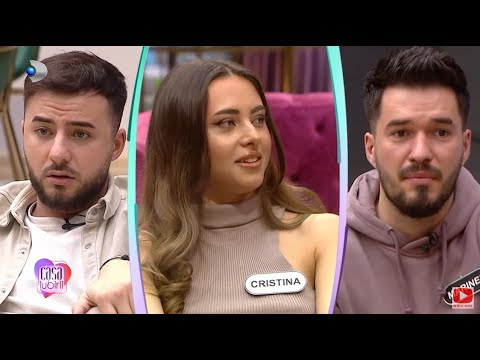 Casa Iubirii (09.03.2023) - RADU, MACINAT DE GELOZIE: ,,Empatizeaza altfel cu Marinel!"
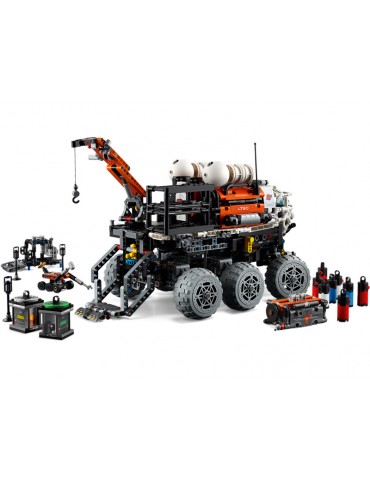 LEGO Technic - Mars Crew Exploration Rover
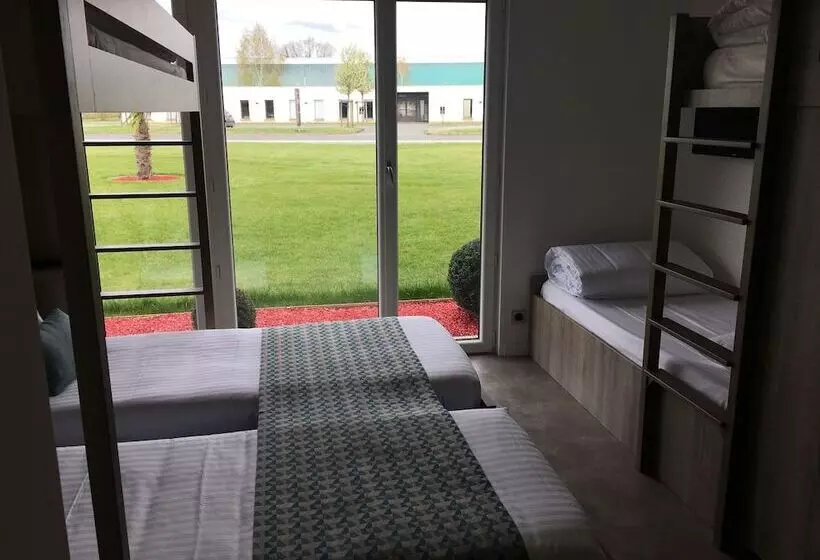 Hotelli Residence Des Pilotes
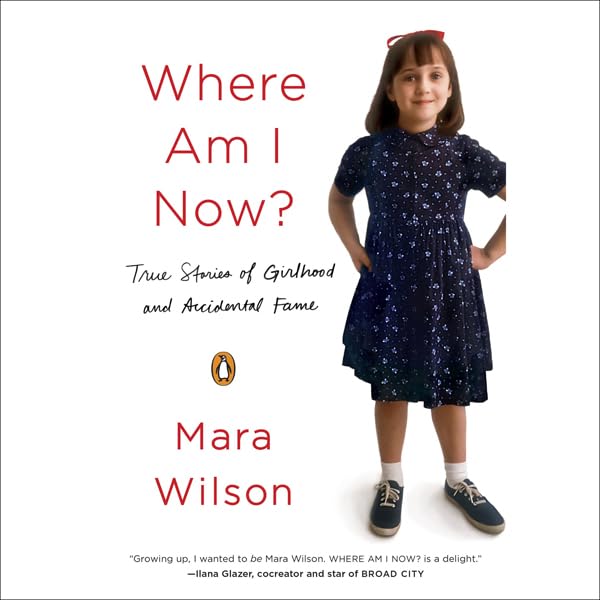 Cover art for Where Am I Now?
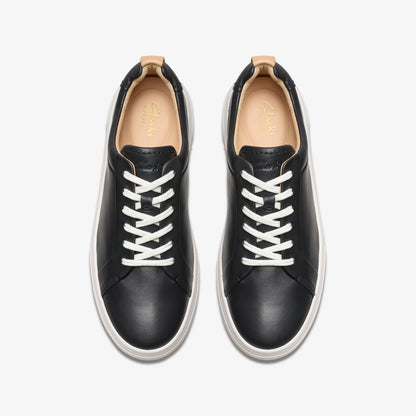 Hollyhock Walk Black Leather - US 4428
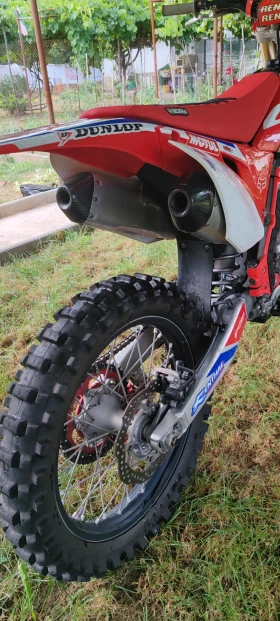 Honda Crf, снимка 11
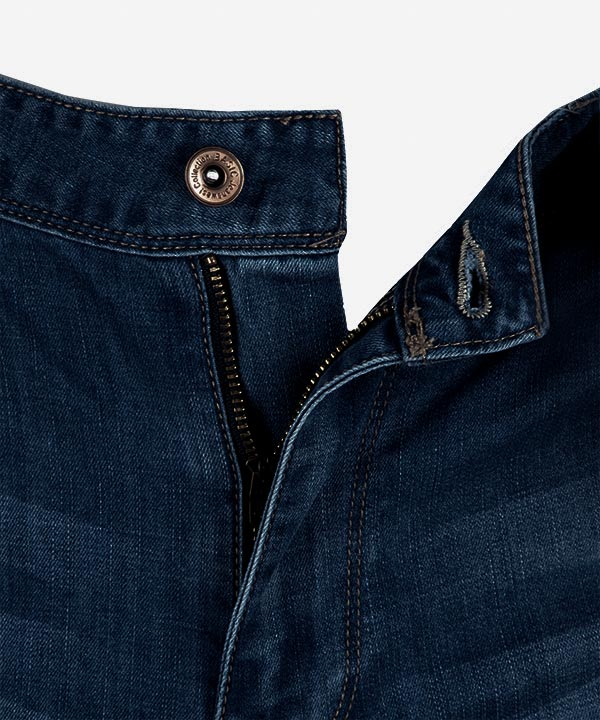 شلوار جین مردانه راسته جین وست Jeanswest با جنس نخ پنبه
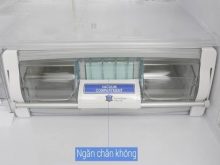 Tủ lạnh hút chân không là gì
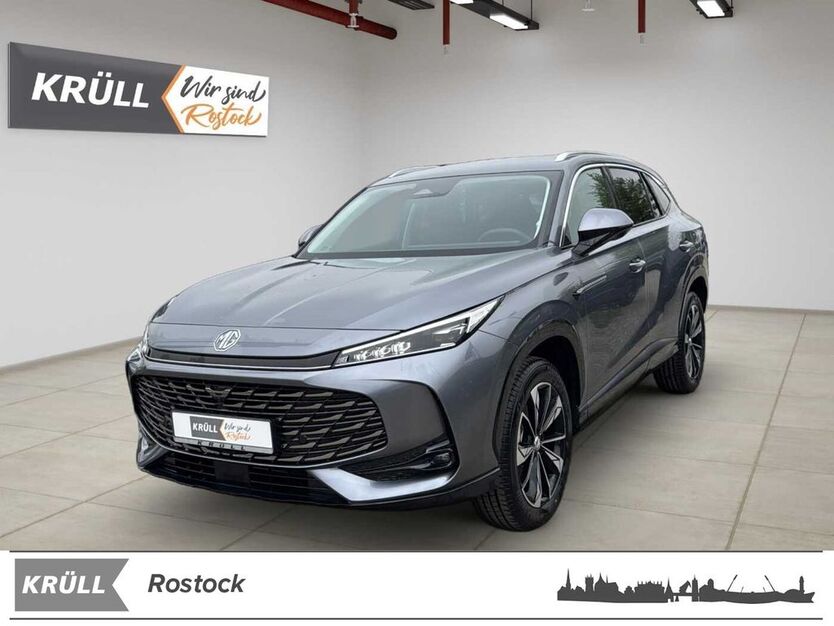 MG HS 2.500 km 41.638 € Rostock 18146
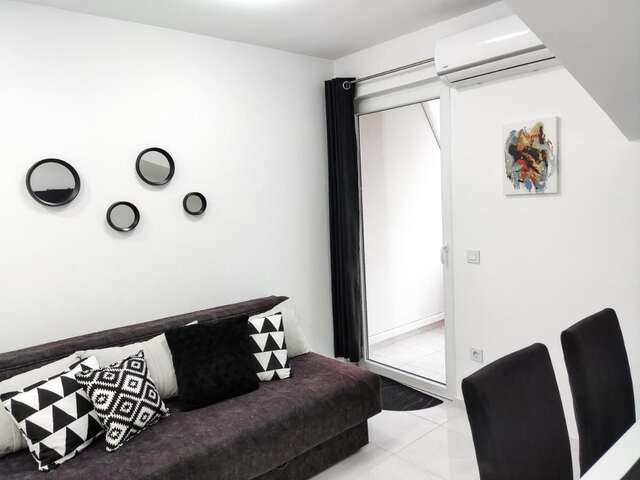 Апартаменты Apartments Monako Херцег-Нови-8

========

Reproduce exactly, with nothing added, the lines from the line with "Honda Crf, снимка 11" through the end of the entries above; pictures are to be left out.

 Honda Crf, снимка 11
 شلوار جین مردانه راسته جین وست Jeanswest با جنس نخ پنبه
 Tủ lạnh hút chân không là gì
 MG HS 2.500 km 41.638 € Rostock 18146
 Апартаменты Apartments Monako Херцег-Нови-8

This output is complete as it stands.